Il fait jour chez la reine.
C’est la nuit près du roi.
Déjà chante la reine.
A peine dort le roi.

Les ombres qui l’enchaînent,
Une à une, il les voit.
Le regard de la reine
Ne s’y attache pas.

Le destin qui les mène,
Dont frissonne le roi,
Ne trouble point la reine.
Brillent la mer au bas,
Et, rythme de ses veines,
Celle qui les brûla,
Sœur de la vague même.

Ô minutes sereines,
Vous n’êtes plus au roi !

Le souvenir d’un chêne
Sur son front de souci
Pose une tache claire.
C’est dans une autre vie,
Quand s’éveillait la reine
Contre le cœur du roi.

Ah ! ferme ton palais
Ou monte en ses étages,
Timide souverain.
Tu comprendras pourquoi
Sur un rocher sauvage
La reine appuie son sein.

Tu comprendras pourquoi
Et t’en consoleras.

1955 156

Si la dimension métapoétique du premier texte n’étonne guère, la lecture référentielle qu’il exhibe est inattendue. Support de l’interprétation du poème en vers, il semble l’accompagner pour en évoquer les référents initiaux qu’il désigne en grande partie à l’aide de noms propres. La mise en regard d’un texte et d’une sorte d’ “avant-texte” permet ainsi d’examiner le traitement poétique que René Char fait subir à la désignation de la réalité.

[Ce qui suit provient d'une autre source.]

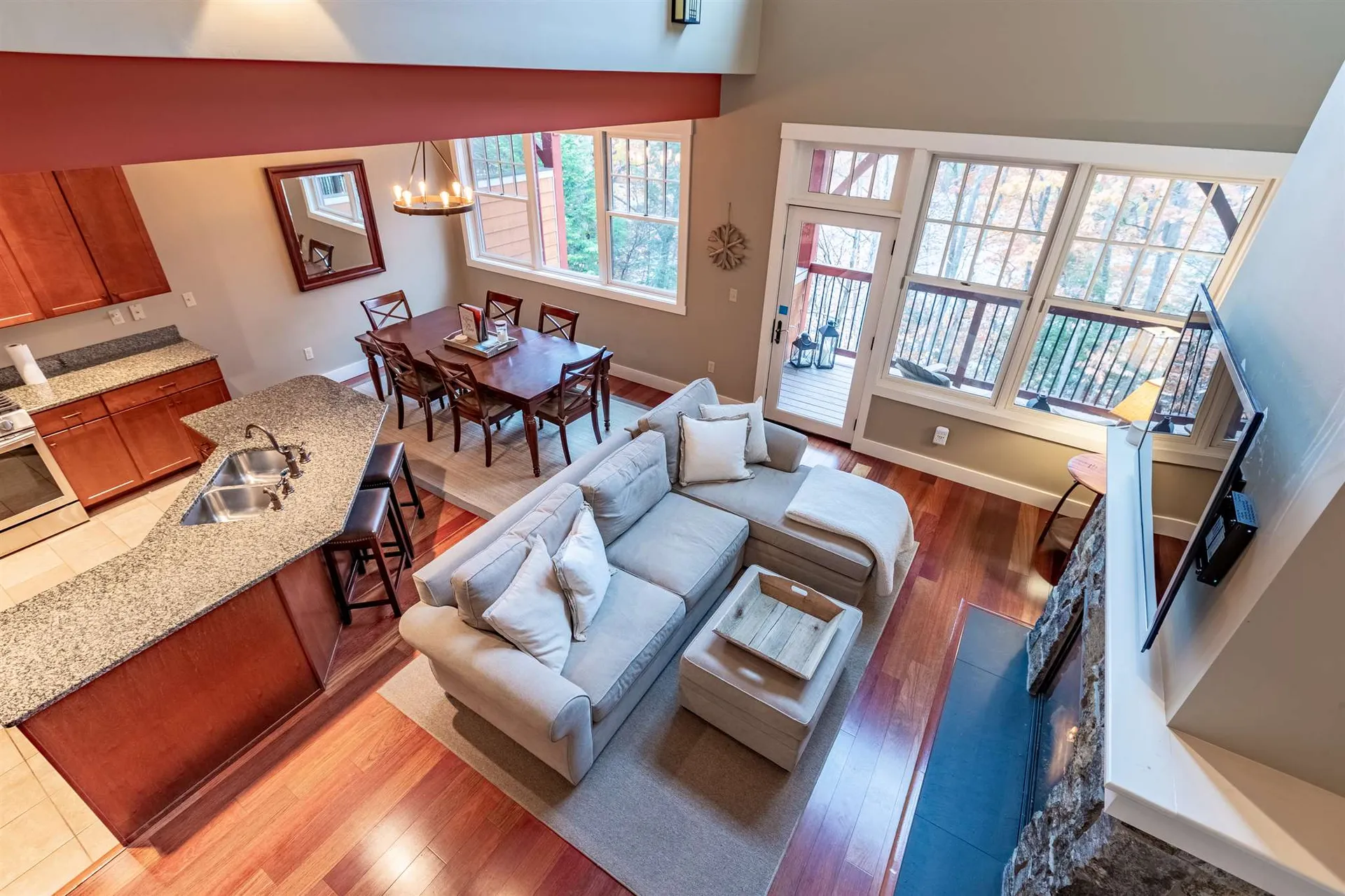 21 Riverside Terrace Lincoln NH 03251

Le passage des références entre les deux textes s’accompagne notamment de la totale disparition des noms propres dans le second texte, disparition qui peut recouvrir divers phénomènes, de la simple suppression à une mutation en nom commun.

Mais le statut de ce diptyque est encore plus complexe. Curieusement, l’ordre des deux textes ne correspond pas à l’ordre chronologique de l’écriture. René Char présente en effet la glose la première, avant le poème proprement dit, alors que l’écriture de ce poème lui est antérieure. En présentant avant le poème les éléments de sa préhistoire, il établit un ordre génétique pourtant faux. Cependant, en exhibant ainsi une référence avant la lecture du second texte, il l’oriente, désamorçant alors volontairement l’approche nue du poème dont il semble vouloir construire la lecture. Mais s’il construit l’interprétation du second texte, comment ne pas soupçonner également une construction référentielle dans le premier ?

Notes
155.

Le Bâton de Rosier, O. C., p. 787.

156.

“ Chanson des étages ”, Le Bâton de rosier, O. C., pp. 800-801.